■ **The task**
Exactly the lines below starting at the line with "Поке-боул с лососем/ Poke Bowl cu Somon" and ending at the line with "(M/L - L/XL)" are wanted, with both ends included. Leave out the pictures and add no other lines.

■ **Dataset records**

•••

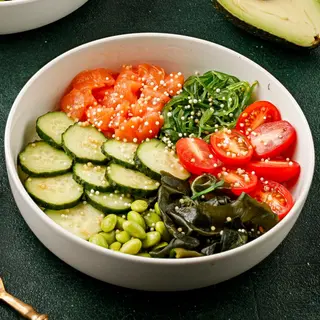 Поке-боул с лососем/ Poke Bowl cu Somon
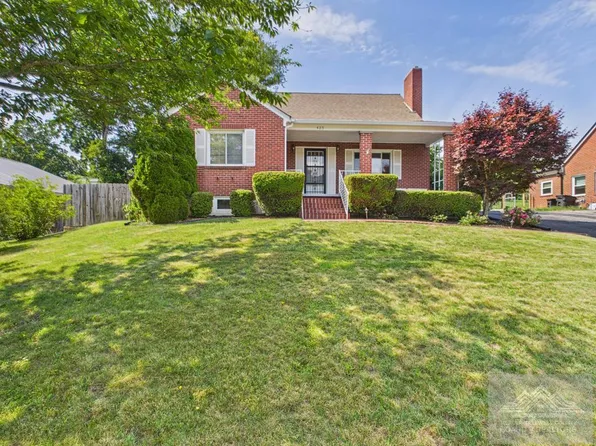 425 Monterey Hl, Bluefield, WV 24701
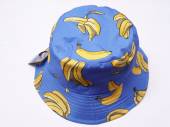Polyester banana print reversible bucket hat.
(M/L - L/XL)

•••

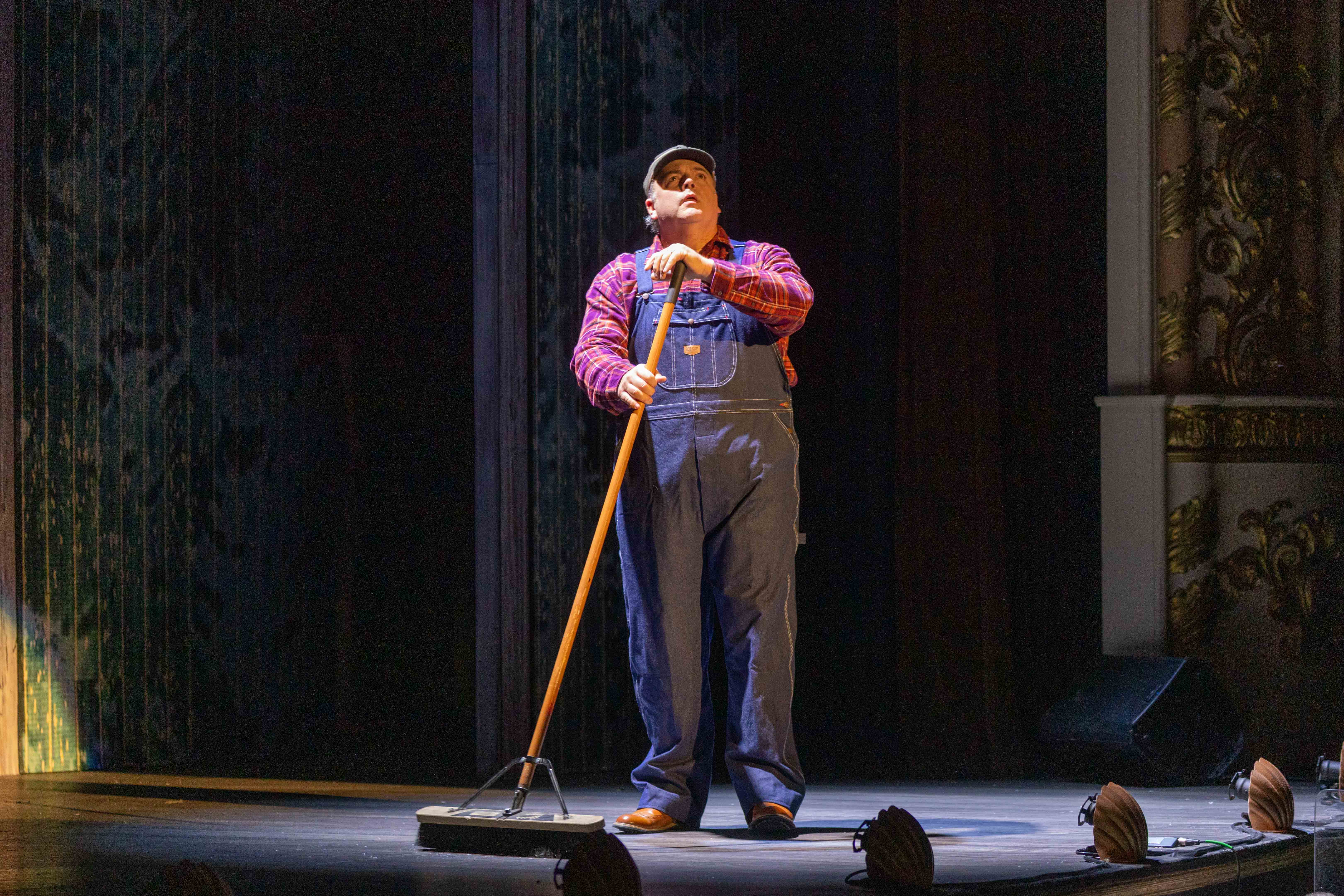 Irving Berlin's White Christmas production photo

•••

■ **Answer space**
 Поке-боул с лососем/ Poke Bowl cu Somon
 425 Monterey Hl, Bluefield, WV 24701
Polyester banana print reversible bucket hat.
(M/L - L/XL)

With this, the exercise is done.